Not really an answer, but longer than a comment. Ben, this
fun0 = function(x) sum(x, gc())
defines a function that calculates the sum of "x and the value returned by gc()". This
fun1 = function(x) sum(x); gc()
defines a function that returns the sum of x. gc()
is run after the function is defined, but is not part of the function definition.
fun2 = function(x) {
result = sum(x)
gc()
result
}
defines a function that calculates the sum of x and saves it to a variable result
that exists inside the function. It then evaluates the function gc()

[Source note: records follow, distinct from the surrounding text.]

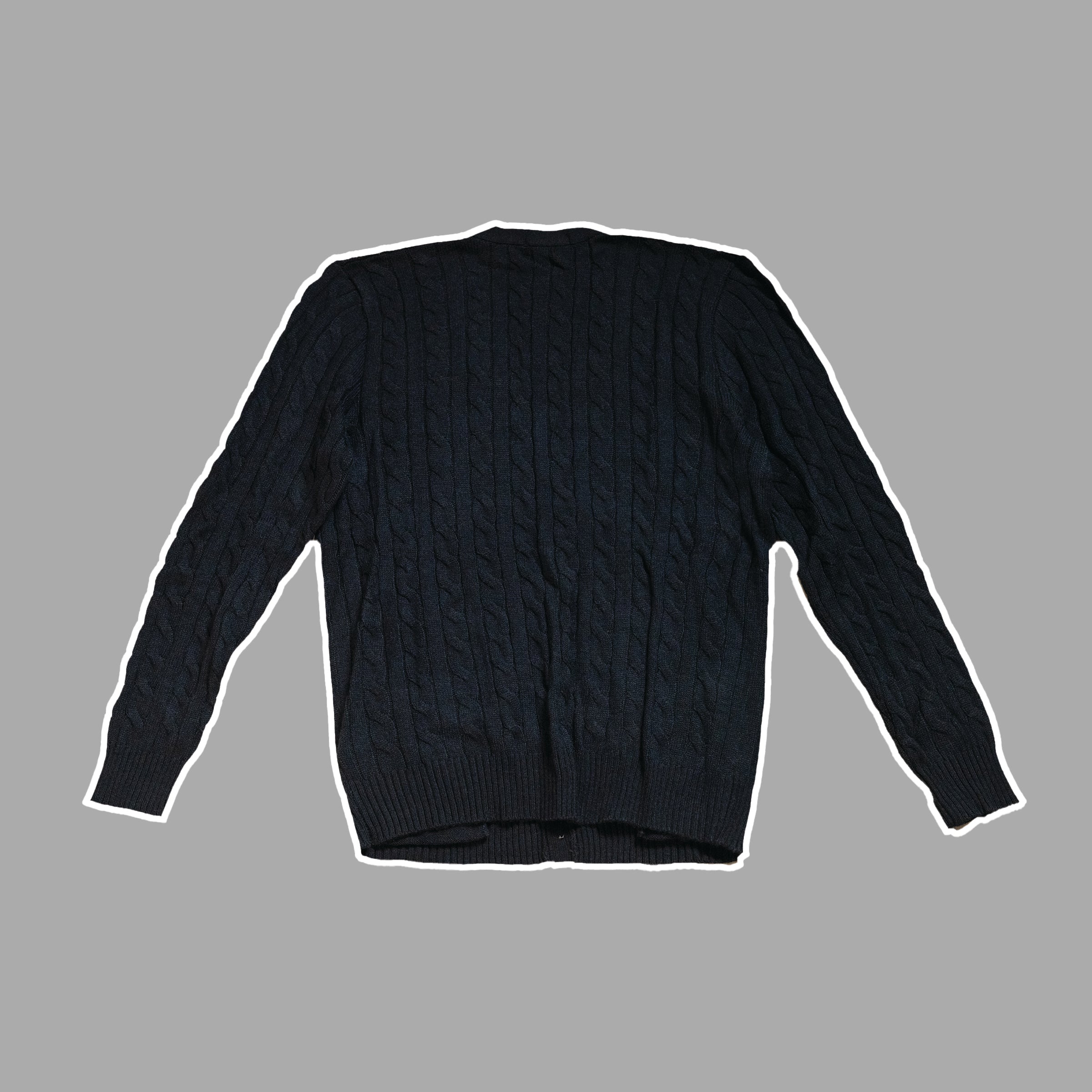 Cable-Knit Cotton Cardigan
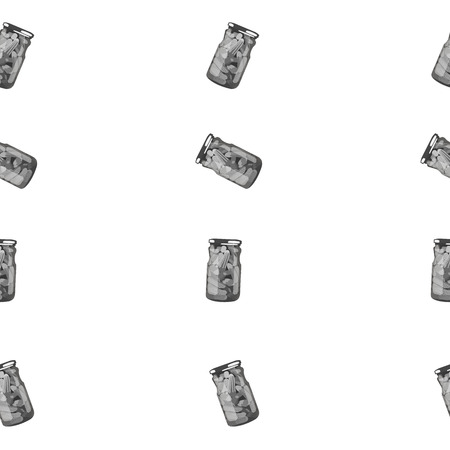 pickles in jars. Pickled realistic cucumbers. Vector illustration.のイラスト素材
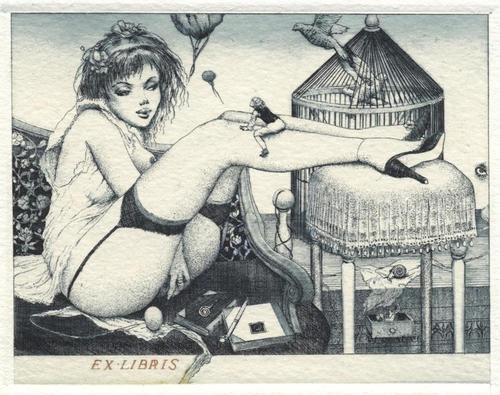 Les Ex-Libris d’Alphonse Inoue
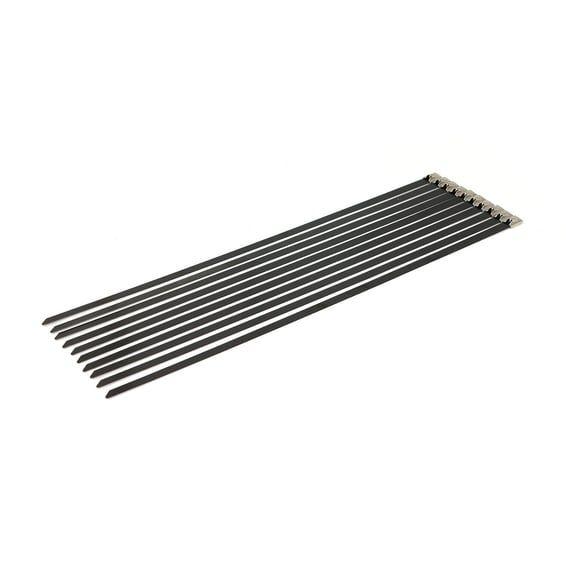 Exhaust tie wraps 14.25" long black stainless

. It then returns the value contained in result
, i.e., the sum of x. It's worth comparing results in addition to times
test_case = 1:5
identical(sum(test_case), fun0(test_case)) # FALSE
identical(sum(test_case), fun1(test_case)) # TRUE, but no garbage collection
identical(sum(test_case), fun2(test_case)) # TRUE
Invoking gc()
in fun2
doesn't really accomplish anything, after the first time fun2
is evaluated. There is no memory that has been allocated but no longer associated with a symbol, so no garbage to collect. Here's a case where we allocate some memory, use it, remove a reference to it, and then run the garbage collect to release the memory.
fun3 = function(x) {
m = rnorm(length(x))
result = sum(m * x)
rm(m)
gc()
result
}
BUT EXPLICIT GARBAGE COLLECTION DOES NOT DO ANYTHING USEFUL HERE -- the garbage collector automatically runs when R needs more memory than it has available. If fun3
has been invoked several times, then there will be memory used inside each invocation that is no longer referenced by a symbol, and hence will be collected when the garbage collector runs automatically. By invoking gc()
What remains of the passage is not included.